After some straightforward computations, we find that the smallest eigenvalues can be upper bounded by \(\lambda _{\hat{k}} \le 2[(N-N_u) \sin \frac{\pi m}{L+1}]^2\), where \(\hat{k} = [\frac{\pi m (N-N_u)}{L+1}]_I\) and \([x]_I\) rounds \(x\) to the nearest integer.
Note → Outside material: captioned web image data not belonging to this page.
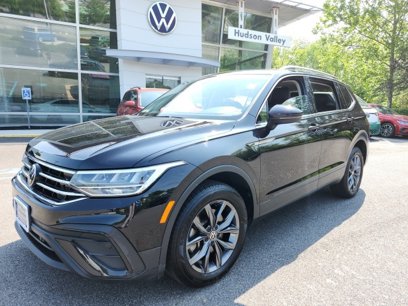 Certified 2022 Volkswagen Tiguan SE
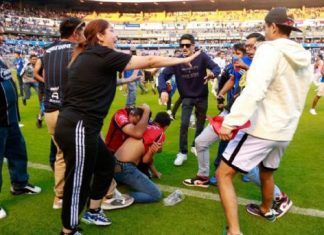 Riña en estadio «Corregidora» protagonizó portadas internacionales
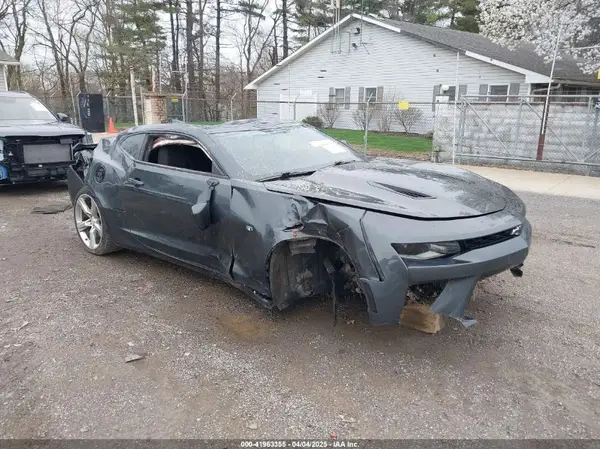1G1FF1R76J0112083 2018 CHEVROLET CAMARO - Image 1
Taking this into account, the normalized transmit power for channel ‘a’ can be approximated by

$$\begin{aligned} \frac{P_T}{N_dE_s} \approx \frac{2(N-N_u)^2}{N_d} \sum _{m=1}^{\lfloor \frac{L+1}{2\pi }\rfloor } \sin ^2 \frac{\pi m}{L+1} \sim (N-N_u) (L+1). \end{aligned}$$
(18)

Hence, the theoretical approximations for the transmit power for both channels confirm the behaviour of the transmit power in Fig. 2.

5 Conclusions

In this paper, we derived an analytical expression for the theoretical error rate performance for UW-OFDM. From this expression we obtained the conditions to achieve full diversity and a (close to) maximum coding gain: full diversity is reached if the code generator matrix is full rank, and a (close to) maximum coding gain requires that the matrix \(\mathbf {A}_R\) must be the identity matrix. Based on these conditions, we proposed a systematic construction method for the code generator matrix. We showed that the transmit power, given the received power is normalized, is independent of the selected code generator matrix, but only depends on the channel and the system parameters.